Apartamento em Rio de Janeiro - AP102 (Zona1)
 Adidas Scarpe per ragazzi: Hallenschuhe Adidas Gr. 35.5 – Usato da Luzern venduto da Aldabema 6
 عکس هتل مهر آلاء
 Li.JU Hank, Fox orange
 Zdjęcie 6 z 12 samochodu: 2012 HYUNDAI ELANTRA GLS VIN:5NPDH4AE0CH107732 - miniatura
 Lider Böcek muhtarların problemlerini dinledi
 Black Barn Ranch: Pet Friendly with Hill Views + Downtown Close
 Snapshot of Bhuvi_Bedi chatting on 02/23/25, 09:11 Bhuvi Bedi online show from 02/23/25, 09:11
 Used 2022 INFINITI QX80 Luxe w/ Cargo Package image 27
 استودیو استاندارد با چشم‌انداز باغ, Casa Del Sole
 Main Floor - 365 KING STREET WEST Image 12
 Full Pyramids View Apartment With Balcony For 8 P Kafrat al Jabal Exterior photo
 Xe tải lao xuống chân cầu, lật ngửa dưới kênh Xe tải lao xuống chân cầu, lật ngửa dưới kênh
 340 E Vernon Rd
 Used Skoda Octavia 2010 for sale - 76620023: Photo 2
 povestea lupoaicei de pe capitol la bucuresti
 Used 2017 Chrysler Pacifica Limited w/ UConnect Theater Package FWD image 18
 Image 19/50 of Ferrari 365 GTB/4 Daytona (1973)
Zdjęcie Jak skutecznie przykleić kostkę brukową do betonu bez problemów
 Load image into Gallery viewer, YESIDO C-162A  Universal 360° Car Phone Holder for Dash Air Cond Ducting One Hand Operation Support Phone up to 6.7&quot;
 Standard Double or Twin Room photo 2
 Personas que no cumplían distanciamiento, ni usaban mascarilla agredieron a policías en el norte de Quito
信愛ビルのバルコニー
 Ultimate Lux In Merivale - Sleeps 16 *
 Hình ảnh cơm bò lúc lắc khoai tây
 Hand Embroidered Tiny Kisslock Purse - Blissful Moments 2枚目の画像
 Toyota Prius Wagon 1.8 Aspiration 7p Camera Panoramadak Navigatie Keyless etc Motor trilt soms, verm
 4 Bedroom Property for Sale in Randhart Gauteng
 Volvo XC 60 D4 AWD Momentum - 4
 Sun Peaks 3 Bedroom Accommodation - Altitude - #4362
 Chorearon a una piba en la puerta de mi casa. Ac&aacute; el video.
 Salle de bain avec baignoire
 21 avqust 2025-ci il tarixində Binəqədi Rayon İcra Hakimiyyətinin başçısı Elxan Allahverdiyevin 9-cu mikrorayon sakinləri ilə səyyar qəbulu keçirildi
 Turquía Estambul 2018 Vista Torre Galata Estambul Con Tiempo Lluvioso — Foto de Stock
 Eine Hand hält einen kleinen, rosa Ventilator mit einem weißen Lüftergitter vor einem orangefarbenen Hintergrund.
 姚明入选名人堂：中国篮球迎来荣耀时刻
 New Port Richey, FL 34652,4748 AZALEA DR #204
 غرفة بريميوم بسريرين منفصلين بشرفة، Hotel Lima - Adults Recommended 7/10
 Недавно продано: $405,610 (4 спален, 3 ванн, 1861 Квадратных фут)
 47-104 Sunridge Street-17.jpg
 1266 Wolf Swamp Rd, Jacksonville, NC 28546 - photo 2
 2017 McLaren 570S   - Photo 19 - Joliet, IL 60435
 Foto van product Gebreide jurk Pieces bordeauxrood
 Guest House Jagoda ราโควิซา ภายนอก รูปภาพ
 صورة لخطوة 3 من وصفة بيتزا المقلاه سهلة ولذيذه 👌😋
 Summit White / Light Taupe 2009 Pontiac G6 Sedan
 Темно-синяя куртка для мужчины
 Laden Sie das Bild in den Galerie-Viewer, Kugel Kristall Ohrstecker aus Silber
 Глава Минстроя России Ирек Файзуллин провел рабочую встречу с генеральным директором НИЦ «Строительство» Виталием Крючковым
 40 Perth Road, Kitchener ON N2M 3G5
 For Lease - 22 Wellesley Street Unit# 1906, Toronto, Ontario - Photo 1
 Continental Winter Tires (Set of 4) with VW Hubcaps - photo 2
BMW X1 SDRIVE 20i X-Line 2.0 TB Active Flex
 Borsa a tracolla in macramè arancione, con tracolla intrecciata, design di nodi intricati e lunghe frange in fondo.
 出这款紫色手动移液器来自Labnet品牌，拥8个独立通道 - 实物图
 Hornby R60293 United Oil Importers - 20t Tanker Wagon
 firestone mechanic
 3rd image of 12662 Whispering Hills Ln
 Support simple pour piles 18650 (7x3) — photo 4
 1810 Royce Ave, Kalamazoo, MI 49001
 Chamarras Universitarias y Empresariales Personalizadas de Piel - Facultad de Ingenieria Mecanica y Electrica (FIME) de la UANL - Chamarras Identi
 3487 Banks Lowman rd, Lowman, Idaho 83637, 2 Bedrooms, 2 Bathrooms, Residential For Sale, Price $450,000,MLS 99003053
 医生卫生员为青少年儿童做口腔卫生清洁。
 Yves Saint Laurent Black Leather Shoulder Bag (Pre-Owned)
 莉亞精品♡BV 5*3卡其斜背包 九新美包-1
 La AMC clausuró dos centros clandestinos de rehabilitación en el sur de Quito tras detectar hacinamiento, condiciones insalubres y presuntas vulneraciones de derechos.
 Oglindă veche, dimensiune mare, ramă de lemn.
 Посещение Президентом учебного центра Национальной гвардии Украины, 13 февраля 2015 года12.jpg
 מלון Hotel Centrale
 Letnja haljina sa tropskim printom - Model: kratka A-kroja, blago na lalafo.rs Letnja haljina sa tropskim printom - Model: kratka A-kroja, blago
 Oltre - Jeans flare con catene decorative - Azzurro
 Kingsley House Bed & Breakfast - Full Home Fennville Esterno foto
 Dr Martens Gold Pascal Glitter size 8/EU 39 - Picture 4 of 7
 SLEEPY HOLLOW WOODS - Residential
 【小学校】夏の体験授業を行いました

----------

What needs to be done: Within the records above, the line carrying "Oglindă veche, dimensiune" starts the range and the last line ends it. Set down that range exactly.

Task result:
 Oglindă veche, dimensiune mare, ramă de lemn.
 Посещение Президентом учебного центра Национальной гвардии Украины, 13 февраля 2015 года12.jpg
 מלון Hotel Centrale
 Letnja haljina sa tropskim printom - Model: kratka A-kroja, blago na lalafo.rs Letnja haljina sa tropskim printom - Model: kratka A-kroja, blago
 Oltre - Jeans flare con catene decorative - Azzurro
 Kingsley House Bed & Breakfast - Full Home Fennville Esterno foto
 Dr Martens Gold Pascal Glitter size 8/EU 39 - Picture 4 of 7
 SLEEPY HOLLOW WOODS - Residential
 【小学校】夏の体験授業を行いました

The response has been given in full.